UK Chancellor Jeremy Hunt is likely to take an ax to the welfare bill to find savings for tax cuts in next week’s Autumn Statement because room for maneuver against his fiscal rules will be “wafer thin,” according to an analysis by Bloomberg Economics.

Dan Hanson, senior UK economist at Bloomberg Economics, said Hunt will have just £11 billion ($13.7 billion) to spare against his key fiscal rule, which requires debt to fall as a share of gross domestic product in the fifth year of the forecast.

If the spending watchdog, the Office for Budget Responsibility, cuts its trend growth forecast by just a quarter of a percent, Hunt’s headroom will be more than wiped out. That would force him to find £9 billion to fill the hole.
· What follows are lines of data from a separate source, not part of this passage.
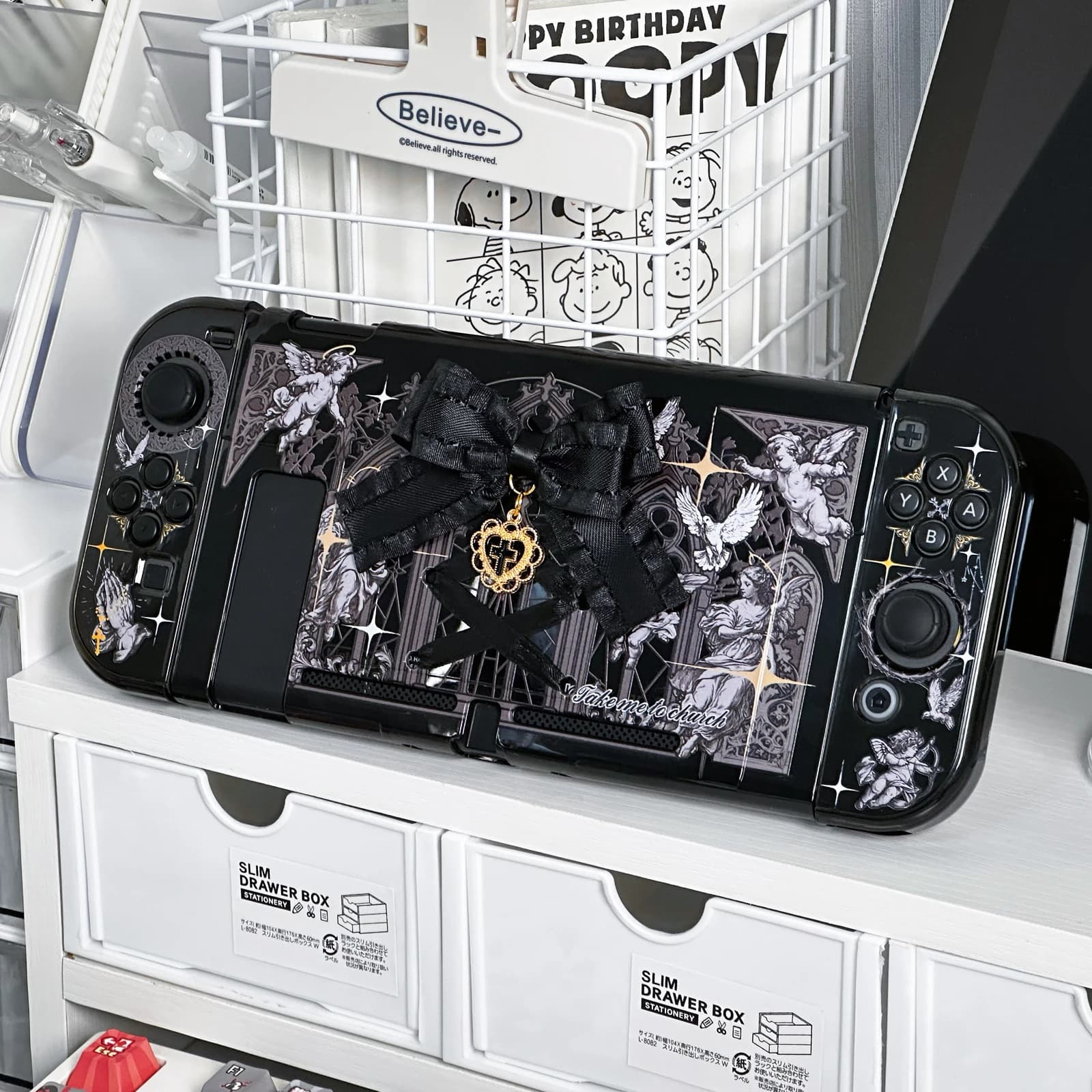 Custodia OLED per interruttore gotico - Design originale per Nintendo Switch Guscio protettivo OLED/Lite Accessori di gioco estetici unici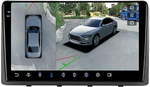 Магнитола для KIA Carnival 3 2014-2020 (рамка-накладка) - FarCar BX3080M-360 монитор 9.5" 2K QLED на Android 13, 6Гб+128Гб, CarPlay, 4G SIM-слот, 4 камеры в комплекте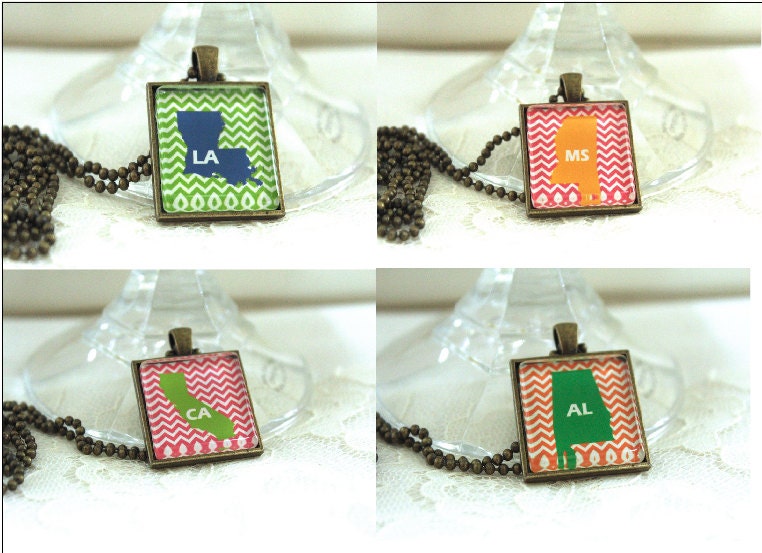 State Chevron Necklace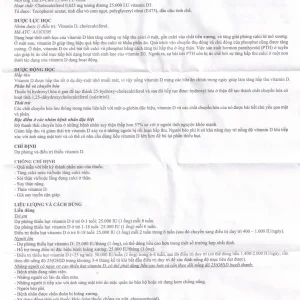 Dung dịch D-Cure 25000IU SMB phòng và điều trị thiếu vitamin D (1 vỉ x 4 ống)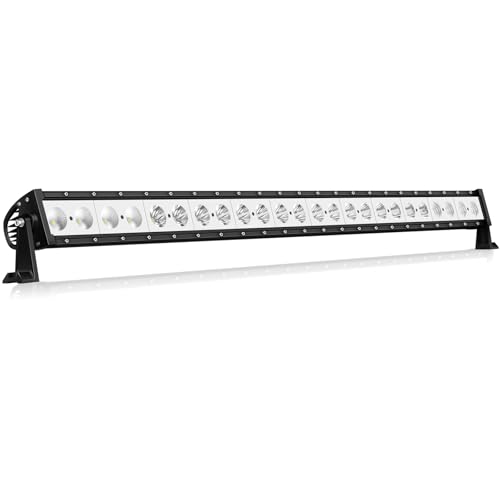 Willpower 48 inch Led Light Bar 120W Single Row Spot Flood Combo Beam Lightbar Waterproof Off Road Roof Bumper Driving Fog Work Lights with Mount Brackets for Vehicle 4x4 Truck Car Cabin Boat ATV UTV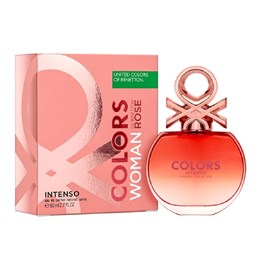 Benetton Colors Rose Woman Intense Feminino Eau de Parfum 80 ml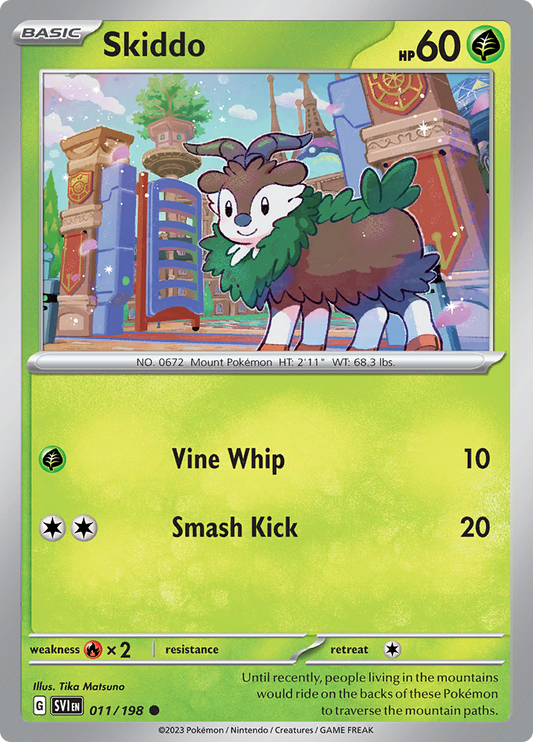 Scarlet & Violet - 011/198 - Skiddo
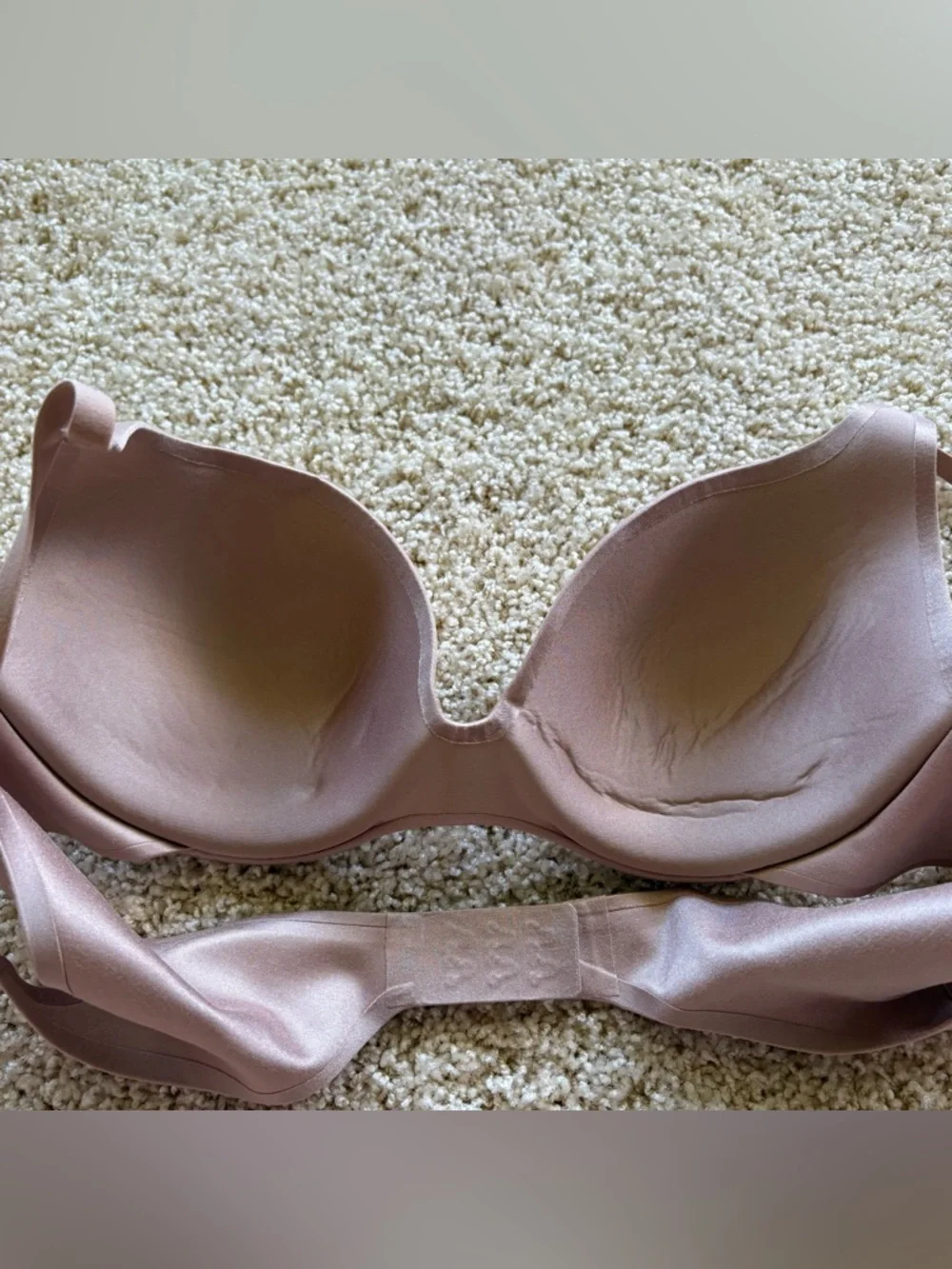 Victoria’s Secret Lined Demi Bra 36B Nude Wireless Smooth T Shirt‎ Bra NWT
“We’re not expecting the Autumn Statement to be game-changing for the economic outlook — the fiscal arithmetic simply doesn’t allow for it,” Hanson said. Bloomberg Economics’ estimate of headroom is roughly in line with the £13 billion projected by the Resolution Foundation.

Bloomberg has reported that the government is considering cuts to welfare totaling as much as £5 billion to raise some money for giveaways, potentially halving the 40% rate of inheritance tax and lowering stamp duty.

Hunt also wants to extend full expensing, a 100% tax relief on capital investment which saves companies 25p in every £1 spent. That costs £10 billion initially, but the bill declines over time. He is also expected to scrap a planned uprating in fuel duty at a cost of £3 billion.

Last week Hunt said, “When it comes to personal tax cuts, there are no short cuts. You have to control the growth in public spending. You need to reform the welfare system.” He added that it would be “an autumn statement for growth.”

Hanson cautioned the Chancellor against trying to fiddle the numbers to allow for tax cuts by penciling in more unspecified departmental spending reductions at the end of the forecast.

“We would warn that further slashing an area of spending that has been one of the main victims of austerity and is now under significant pressure from high inflation, is not credible,” he said.